After only about an hour at work, I felt a headache coming. Not usually one to feel stress or react physically to it, headaches are very uncommon occurrences in my world. This one started at the base of my neck and then duplicated itself over my eyes. It really wasn’t much – just an ache that made dealing with other nuisances that much more difficult.
Enter nuisance number two: random kids showing up in my room for a class that didn’t include them. It doesn’t really matter why they were there, just the fact that I spent 20 minutes of valuable teaching time redirecting a handful of misdirected middle-schoolers caused my blood pressure to creep up a bit more.
Enter stress number three: a field trip I forgot about – completely. Having discussed it a year ago and decided against it, I failed to communicate that decision to the right people. Hence, a well-timed email asking for the funds needed to pay the deposit. Again, the pressure increases.
Then, just when I think my focus is clearing and I can tackle these petty problems, enter nuisance number 4: moving vehicle meets my parked vehicle. A sweet soul of a friend found me hunkered over my computer, tapping away while creating that required field trip permission letter. Handing me a slip of paper with my license plate number on it, she explained the circumstances of the accident. With that, my head felt near to exploding and my emotions almost got the best of me. Praying for clarity and support, I walked to my classroom to get my keys, fighting back tears.
In his video blog for When Calls the Heart, executive producer Brian Bird reminds viewers that “everything is not as it seems,” explaining that others’ perceptions can hide underlying realities. To others in my work arena, I appeared calm, collected, and in control of myself and the situation. To my students, I was prepared and organized – ready to meet the day. In reality, a layer of stress bubbled just under the surface, and I nearly broke down.
I won’t claim to know what it is like to deal with anything as traumatic as war. After all, a few day-to-day struggles almost bring me to me knees. I won’t claim to remotely understand what real trauma is like. I do know that I have seen people deal with the aftermath – or bury it deep within themselves until it explodes like a volcano of lava and ash, raining down on the loved ones around them.
In last week’s episode, affectionately called “Jack is Back” by Hearties, we saw multiple people attempt to crack through Jack’s stoic exterior to help him unburden his heart of all he has endured. Initially, alone together in the row house, Elizabeth tries to get Jack to share details about the fighting. She knows sharing his experiences will bring them closer, but Jack can’t seem to open up and tell the full story. Brushing it all off as “really bad,” he changes the subject. Later, Lee sells Jack the lumber for his new house at company cost, thanking Jack for being a hero at the same time. However, Jack doesn’t feel like a hero – he has been battered and beaten black and blue by his experiences in the North. He brushes Lee’s commendation off and shies away from the hero’s welcome his friends extend, again casting aside their inquiries and attempts to get him to reveal the depth of his hurt. It wasn’t until this week that Jack finally revealed a significant tragedy he was hiding. With Elizabeth’s pointed questions and her refusal to let him suffer in silence, Jack gained the courage to let her into his world of pain.

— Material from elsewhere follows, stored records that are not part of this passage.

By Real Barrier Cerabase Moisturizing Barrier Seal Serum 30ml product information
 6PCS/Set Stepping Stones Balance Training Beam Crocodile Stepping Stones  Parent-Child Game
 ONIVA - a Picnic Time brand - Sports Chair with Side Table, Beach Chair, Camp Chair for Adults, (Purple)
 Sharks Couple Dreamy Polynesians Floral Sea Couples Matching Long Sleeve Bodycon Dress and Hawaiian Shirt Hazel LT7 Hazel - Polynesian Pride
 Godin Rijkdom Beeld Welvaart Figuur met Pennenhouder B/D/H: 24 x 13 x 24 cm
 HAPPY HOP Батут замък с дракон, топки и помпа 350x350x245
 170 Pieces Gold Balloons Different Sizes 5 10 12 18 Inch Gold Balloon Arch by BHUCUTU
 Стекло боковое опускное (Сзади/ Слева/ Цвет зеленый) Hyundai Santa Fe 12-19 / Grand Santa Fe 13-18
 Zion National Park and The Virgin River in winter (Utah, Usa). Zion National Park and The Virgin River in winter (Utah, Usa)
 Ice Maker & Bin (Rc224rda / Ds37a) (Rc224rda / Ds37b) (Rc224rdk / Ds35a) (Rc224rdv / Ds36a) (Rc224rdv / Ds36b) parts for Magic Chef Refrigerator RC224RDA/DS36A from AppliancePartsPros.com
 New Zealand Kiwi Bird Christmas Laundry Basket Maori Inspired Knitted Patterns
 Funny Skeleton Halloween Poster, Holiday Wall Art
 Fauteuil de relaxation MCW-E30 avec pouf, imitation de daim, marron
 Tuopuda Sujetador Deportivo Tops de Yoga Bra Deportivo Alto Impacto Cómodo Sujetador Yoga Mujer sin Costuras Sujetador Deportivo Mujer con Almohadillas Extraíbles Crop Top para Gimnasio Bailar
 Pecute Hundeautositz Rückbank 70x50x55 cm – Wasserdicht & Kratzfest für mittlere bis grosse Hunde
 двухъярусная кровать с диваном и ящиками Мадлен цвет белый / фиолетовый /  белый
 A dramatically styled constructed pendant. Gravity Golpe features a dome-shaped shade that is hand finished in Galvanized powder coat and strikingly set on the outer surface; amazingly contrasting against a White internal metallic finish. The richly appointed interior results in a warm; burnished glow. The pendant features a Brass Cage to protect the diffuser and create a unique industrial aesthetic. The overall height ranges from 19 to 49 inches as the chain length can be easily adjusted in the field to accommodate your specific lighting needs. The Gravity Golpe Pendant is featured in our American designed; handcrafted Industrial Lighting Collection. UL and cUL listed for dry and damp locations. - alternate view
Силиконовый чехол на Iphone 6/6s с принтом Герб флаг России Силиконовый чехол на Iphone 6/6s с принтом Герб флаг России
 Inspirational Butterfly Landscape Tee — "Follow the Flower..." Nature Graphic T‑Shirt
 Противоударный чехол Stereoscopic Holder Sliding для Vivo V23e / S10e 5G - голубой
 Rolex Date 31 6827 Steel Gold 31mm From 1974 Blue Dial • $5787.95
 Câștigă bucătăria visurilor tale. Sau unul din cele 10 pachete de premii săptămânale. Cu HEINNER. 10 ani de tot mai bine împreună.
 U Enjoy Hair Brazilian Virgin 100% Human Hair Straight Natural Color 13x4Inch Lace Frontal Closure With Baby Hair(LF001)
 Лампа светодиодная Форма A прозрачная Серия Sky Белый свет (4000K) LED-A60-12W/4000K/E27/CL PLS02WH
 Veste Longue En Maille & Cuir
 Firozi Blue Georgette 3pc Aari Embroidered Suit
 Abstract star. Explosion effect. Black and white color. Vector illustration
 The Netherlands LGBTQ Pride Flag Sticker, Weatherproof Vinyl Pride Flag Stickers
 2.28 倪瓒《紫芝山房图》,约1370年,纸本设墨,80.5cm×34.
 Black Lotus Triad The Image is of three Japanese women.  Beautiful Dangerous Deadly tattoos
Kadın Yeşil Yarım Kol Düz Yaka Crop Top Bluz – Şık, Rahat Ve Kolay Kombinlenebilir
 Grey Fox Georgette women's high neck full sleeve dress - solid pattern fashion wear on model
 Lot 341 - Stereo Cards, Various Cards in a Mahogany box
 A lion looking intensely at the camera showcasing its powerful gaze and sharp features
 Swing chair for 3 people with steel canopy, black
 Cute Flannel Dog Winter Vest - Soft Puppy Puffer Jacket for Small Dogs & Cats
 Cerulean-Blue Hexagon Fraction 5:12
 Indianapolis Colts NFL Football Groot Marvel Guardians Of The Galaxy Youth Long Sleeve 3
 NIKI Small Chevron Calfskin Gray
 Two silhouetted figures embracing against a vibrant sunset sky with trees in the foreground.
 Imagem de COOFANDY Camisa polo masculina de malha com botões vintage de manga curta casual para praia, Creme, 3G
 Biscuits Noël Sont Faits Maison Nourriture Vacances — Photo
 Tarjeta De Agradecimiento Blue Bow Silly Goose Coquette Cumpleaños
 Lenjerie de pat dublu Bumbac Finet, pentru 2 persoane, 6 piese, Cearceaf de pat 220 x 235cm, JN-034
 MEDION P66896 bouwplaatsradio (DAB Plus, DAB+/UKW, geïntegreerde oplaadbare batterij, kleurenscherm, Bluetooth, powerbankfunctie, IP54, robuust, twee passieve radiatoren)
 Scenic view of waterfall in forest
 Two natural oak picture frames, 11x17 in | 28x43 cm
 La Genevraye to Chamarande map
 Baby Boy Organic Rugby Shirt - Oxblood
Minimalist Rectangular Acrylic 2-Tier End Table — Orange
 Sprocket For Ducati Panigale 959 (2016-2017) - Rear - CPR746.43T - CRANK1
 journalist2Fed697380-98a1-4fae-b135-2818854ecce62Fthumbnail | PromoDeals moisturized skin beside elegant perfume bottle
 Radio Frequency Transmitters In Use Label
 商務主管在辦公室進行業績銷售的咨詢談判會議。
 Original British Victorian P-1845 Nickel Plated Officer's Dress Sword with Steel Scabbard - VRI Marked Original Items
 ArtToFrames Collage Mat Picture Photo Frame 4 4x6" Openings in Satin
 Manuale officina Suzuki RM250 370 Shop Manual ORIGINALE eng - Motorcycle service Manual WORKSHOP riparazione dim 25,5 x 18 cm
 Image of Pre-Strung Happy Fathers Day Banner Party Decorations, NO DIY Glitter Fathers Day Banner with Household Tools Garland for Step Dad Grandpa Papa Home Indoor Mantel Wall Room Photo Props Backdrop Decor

By burying the anguish as Jack did, we really do more damage than good. Stuffing it down deep wreaks havoc on your heart and mind until every aspect of your life is tainted. On the outside, you present a false front of peace and acceptance, but inside you are gasping for air, suffocating under the weight of facing the memories alone. Eventually, the facade cracks and you start grabbing at whatever you can find that might assuage the pain and heartache, damaging you even more. The thing is, only one Person can truly provide the healing necessary to move beyond the past: the Holy Spirit. Just as Elizabeth became a source of comfort for Jack and my co-workers have been a source of comfort for me, God will often use others in our lives as a conduit for the Spirit, allowing them to share our burdens and speak His truth over us.
Often, I feel useless in situations like these, where another’s life challenges far outweigh my own. I ask myself, Who am I to encourage them? I’ve been beyond blessed. I’ve never seen what they’ve seen. I’ve never been where they’ve been. Then I remember Acts 10:38 in which “Jesus of Nazareth – with the Holy Spirit and power – went around doing good and healing all who were under the power of the devil, because God was with him.” God is with me. The Bible tells me I have the power of the Holy Spirit. I am called to be like Jesus. Therefore, based on the work of the Spirit and what He can do through me, I can be the one to share the burden. God can use me to empathize and lend a listening ear to those who are hurting. I simply need to be intentionally following Him.
As Brian shared in his video blog, “Fighting men and women need our empathy…sometimes the most painful wounds are those done to our hearts and minds.” By working through you and in you, the Holy Spirit has the power to heal those you encourage as you intentionally try to draw them out of themselves and create a safe place for them to break down their facade and share their reality. Don’t give up on the hurting, the quiet, or the withdrawn people in your lives. Listen to the Spirit inside you and be a conduit for the Ultimate Comforter to work His miracles.